Finally, the true measure of the trajectory of the market lies in how supply relates to demand. I have charted this particular metric for the past 10 years. As you saw earlier in this report, supply has ticked up measurably over the past few months. But, how does the demand stack up? Have a look. Keep in mind,
the lower the line, the less supply exists relative to demand.
June is showing a slight increase in available inventory relative to demand,
up to 2.33 months of inventory.
As mentioned earlier, lower-than-anticipated listing supply is probably the culprit here, and will result in a "sticky" situation in terms of price declines as we re-adjust downwards.
FYI, The Blue line represents 2022 YTD, Red is 2021, and Yellow is the past 5 year average.
NOTE: I have changed the scale on this image from last month's report, to allow room for this metric to increase.
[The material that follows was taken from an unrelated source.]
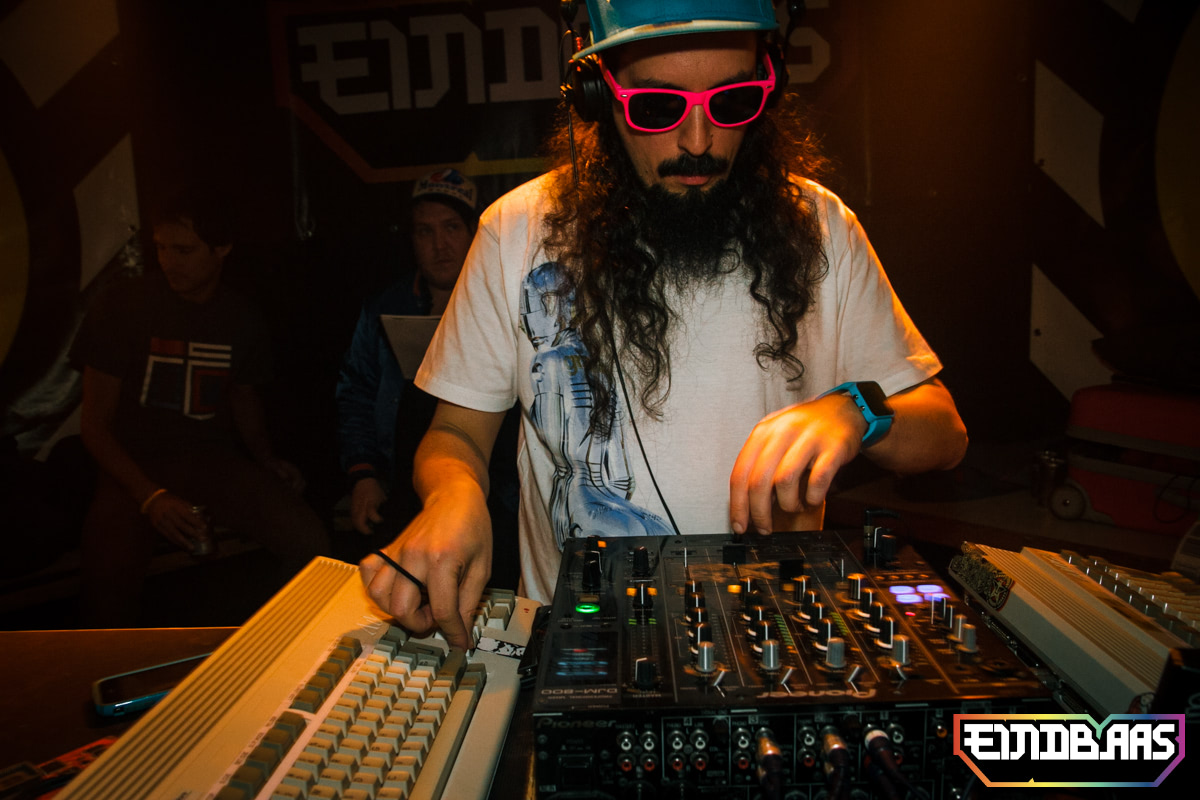 EINDBAAS 030303 photo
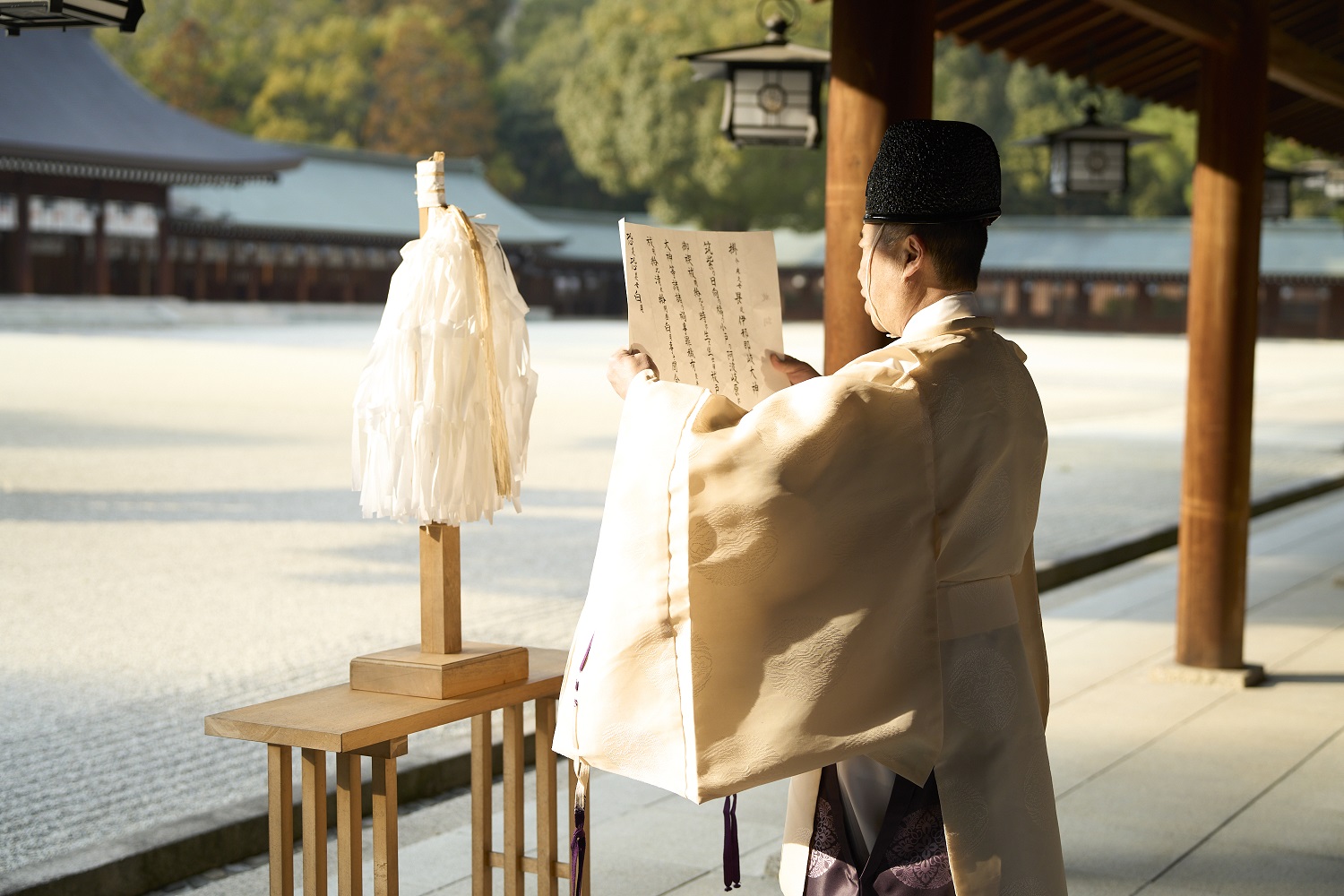 Official worship of the inner shrine with Kenichi Nagakura, the priest of Kashihara-jingu Shrine, the original experience program "Musubibito"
How to interpret this information?
Traditionally, a supply of between
4-6 months of inventory means that sales prices are likely
stable, not really increasing, or decreasing by any drastic amount. A supply
lower than 4 months indicates a seller's market, with pricing appreciating faster than inflation, and a supply
over 6 months is a buyer's market, with prices dropping rapidly, and days on market growing.
Sellers always wonder "What is the best time to sell my house?" They seem to want to attach timing to a calendar. We have been trained, for whatever reason, to believe that spring is always the right time to sell. But I firmly believe the best time to sell something is when supply of that thing is low, and demand is high. This is a pretty rudimentary concept. The reason I put so much stock into this metric is because it allows me to answer that question with complete confidence.
If you look at 2021, statistically speaking, the best time to sell was in February/March, and November/December. Counterintuitive, right?
I've long predicted that January/February 2022 was probably the best time to sell a house, and so far that remains the case.